Data provided:

◇ ◇ ◇ ◇

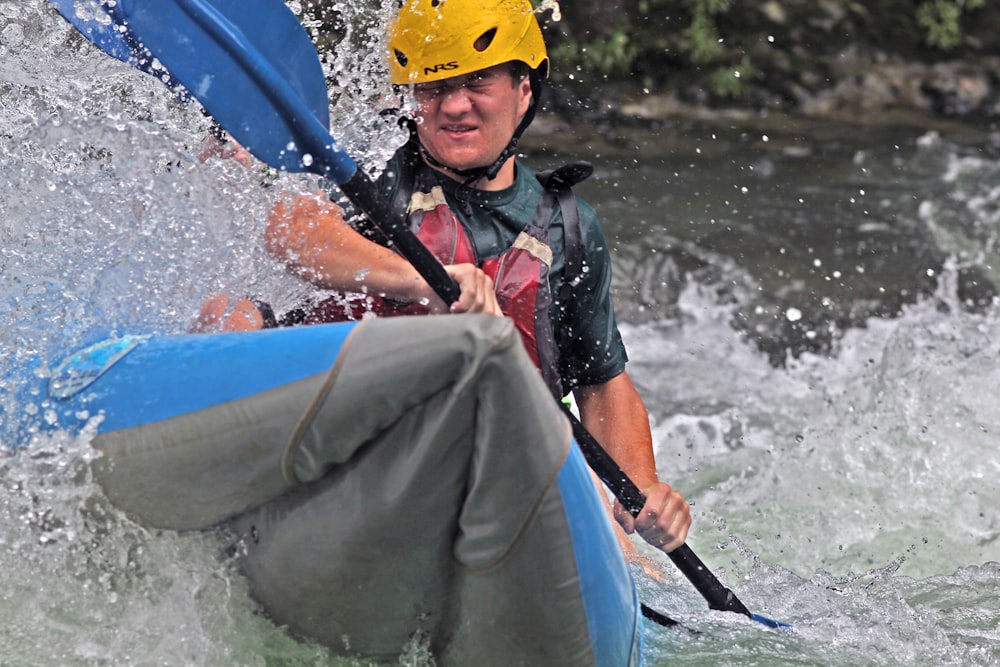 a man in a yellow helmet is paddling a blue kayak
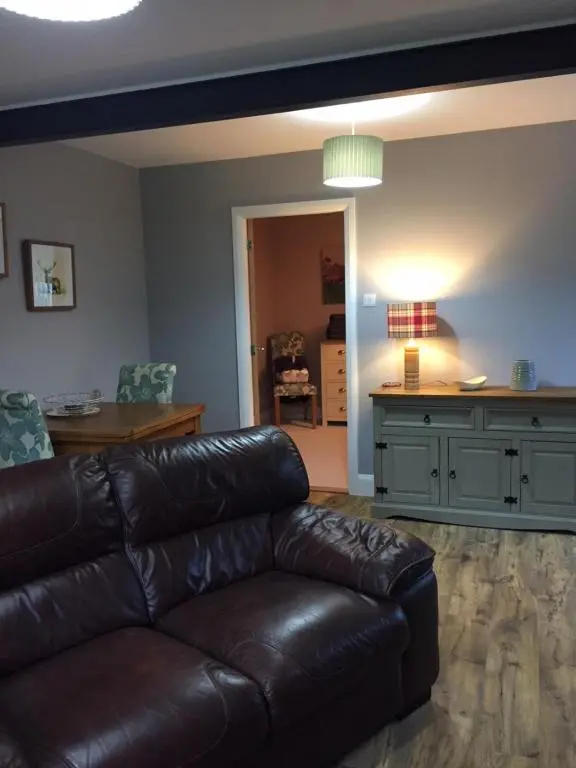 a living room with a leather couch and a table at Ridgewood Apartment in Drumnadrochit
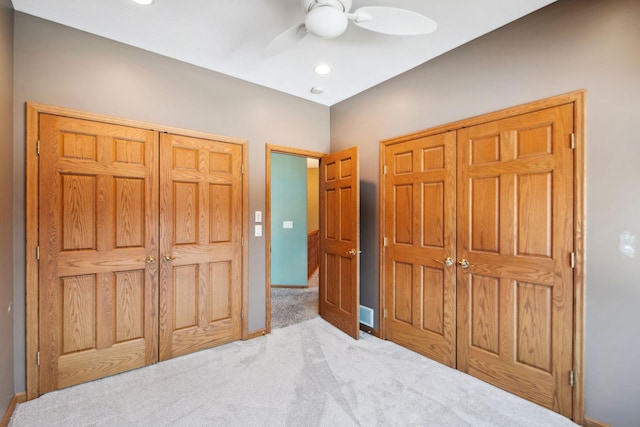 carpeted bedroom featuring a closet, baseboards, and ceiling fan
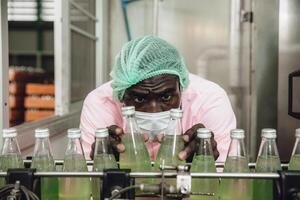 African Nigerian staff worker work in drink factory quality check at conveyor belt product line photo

◇ ◇ ◇ ◇

The task:
What you return must match the material above exactly, minus its pictures.

Exercise answer:
 a man in a yellow helmet is paddling a blue kayak
 a living room with a leather couch and a table at Ridgewood Apartment in Drumnadrochit
 carpeted bedroom featuring a closet, baseboards, and ceiling fan
 African Nigerian staff worker work in drink factory quality check at conveyor belt product line photo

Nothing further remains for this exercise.